Long story short it's an acceptable risk. Accidents are going to happen, people are going to die, the land and air will be poisoned, absolutely. That's the price of doing business and that's nothing new.
Exactly. As has been said many times already, it's pointless to demand that nuclear power, or anything else, must be absolutely 100% safe, because that's simply never going to happen. There's always going to be risk, some that can be foreseen and mitigated to some extent, some that we won't even think of until it happens, and some that we wouldn't be able to do anything about anyway.
What's important, as with pretty much all aspects of life, is the risk/benefit analysis. I think part of the problem with this is that most people don't seem to realise they actually do that all the time. Every time you cross the road, you're weighing up the benefit of being on the other side with the risk of getting run over. It's no different when it comes to electricity, just a different scale.
Of course, another part of the problem is that people are absolutely terrible at actually assessing risks and probabilities. Which is particularly relevant for nuclear power since a large part of the controversy over it is due to the irrational fear many people seem to have of anything involving the words "nuclear" or "radiation".

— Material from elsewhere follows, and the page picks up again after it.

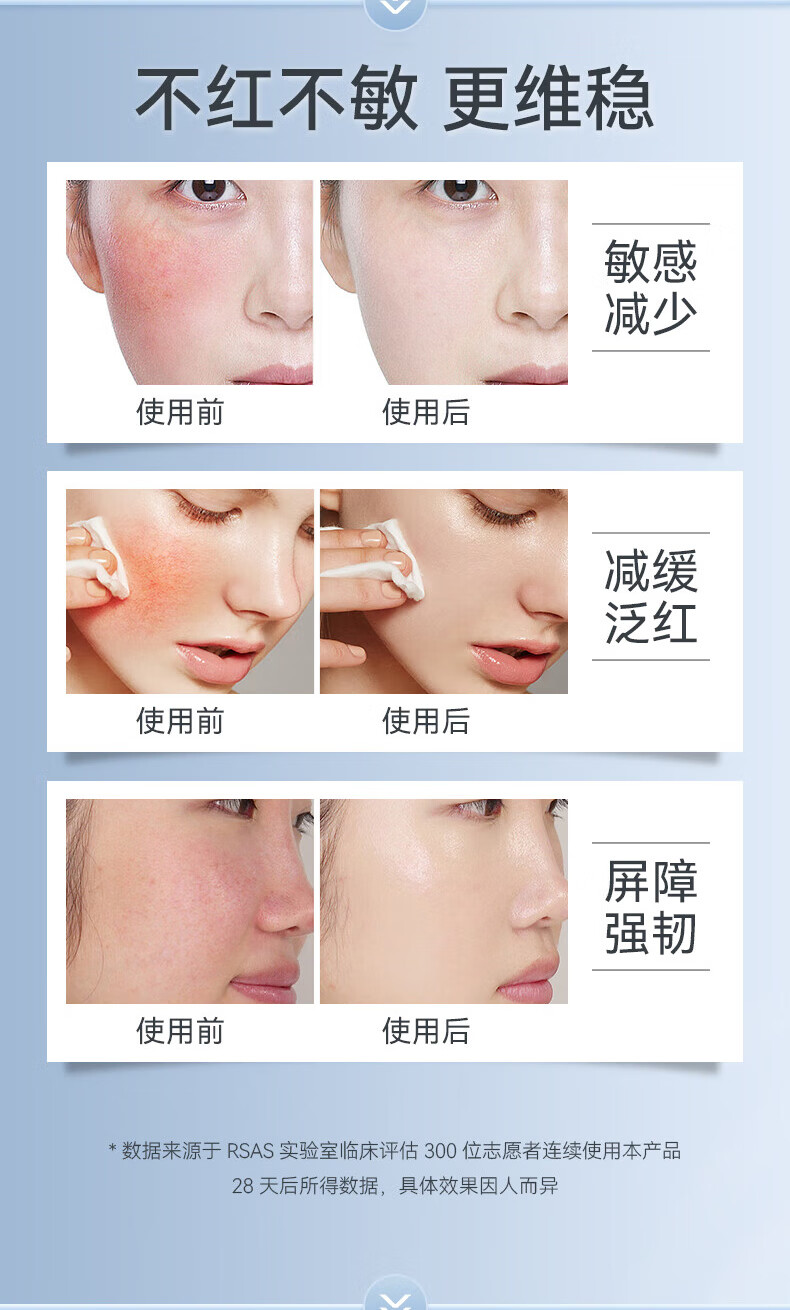 RSAS 舒缓精华 红血丝修复角质层修护屏障 敏感肌专用护肤品 舒缓保湿倍护霜30g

In the end, all you can do is point to the facts. Nuclear power - in 50 years less than 100 dead, and a few thousand projected deaths at most, some economic cost, virtually no environmental cost (the Chernobyl area has actually been claimed to be healthier due to the lack of humans, although those claims have been disputed). Coal power - tens of thousands directly dead, far more by indirect routes, massive environmental cost including such fun as smog, acid rain, and
deadly clouds visible from space. Note that I don't even need to mention global warming, coal power would still suck even if global warming could be conclusively proven not to exist.